Shanghai developer bids for Hong Kong’s Dah Sing Life Assurance
Shanghai-based real estate firm Future Land Development said it is making a US$1 billion bid for Dah Sing Life Assurance, which would help it sell Hong Kong insurance products to homebuyers in China.
“We see many of our customers coming to Hong Kong to buy insurance as there are limited investment options for them at home,” Kenny Chan, vice-president and company secretary of Future Land Development, told South China Morning Post.
“More and more mainland Chinese consumers are looking to invest overseas, especially the high-end ones. We we want to follow this trend.”
The estimated US$1 billion second-round bidding for the insurance operation of Hong Kong’s Dah Sing Financial Holdings has attracted more than five potential buyers, including another mainland Chinese property developer, Country Garden.
Country Garden’s management clarified last week in Singapore that the investment will be conducted through chairman Yang Guoqiang’s family office rather than through the listed entity. The developer said its 500,000 customers would be the potential buyers of the insurance products.
Chan also said Future Land would sell insurance products to Chinese clients if the company acquires the insurance asset, and that the strong cash flow of the insurance sector could benefit the company’s overseas expansion. “There would be synergy.”
Chan added that though developers are offering a higher price for Dah Sing Life, the outcome would not only depend on the bid price but also on the Hong Kong regulator’s approval as well as the buyer’s capability to run an insurance business.
Future Land Holdings, a subsidiary of Future Land Development, was listed on the Shanghai Stock Exchange last year.

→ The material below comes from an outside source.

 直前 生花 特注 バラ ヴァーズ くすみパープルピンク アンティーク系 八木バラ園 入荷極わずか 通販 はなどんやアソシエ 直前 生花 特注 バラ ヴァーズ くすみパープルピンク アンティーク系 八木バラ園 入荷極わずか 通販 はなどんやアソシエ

Chan said that to avoid competition, the Hong Kong-listed entity will focus more on overseas property development and investment while the corresponding A-share platform will concentrate on the domestic property business.
“We are actively seeking acquisition opportunities in Hong Kong, but property is still a bit expensive here,” he said. “We will also visit Australia, Singapore,UK and US to find opportunities.”
Future Land Development’s property sales surged 153 per cent to 11.4 billion yuan (HK$13.7 billion). Its projects are focused on the Yangtze River Delta, in particular Shanghai, Nanjing and Suzhou.
After Shanghai tightened the local homebuying policy in late March, transactions have declined in April, said Chan. He added that he was not expecting prices to drop as new homes are undersupplied, with the current inventory in the city expected to support only three months of sales. Chan said the company plans to increase selling prices on its projects by three to five per cent on average this year, which would improve its gross margin.
Guarding against future policy risks, the builder has narrowed its development cycle. According to Chan, the company has started pre-sales within five months of land acquisitions to ensure quick cash return.
Future Land Development’s chairman, Wang Zhenhua, was investigated by Chinese authorities early this year. He resumed duties in February.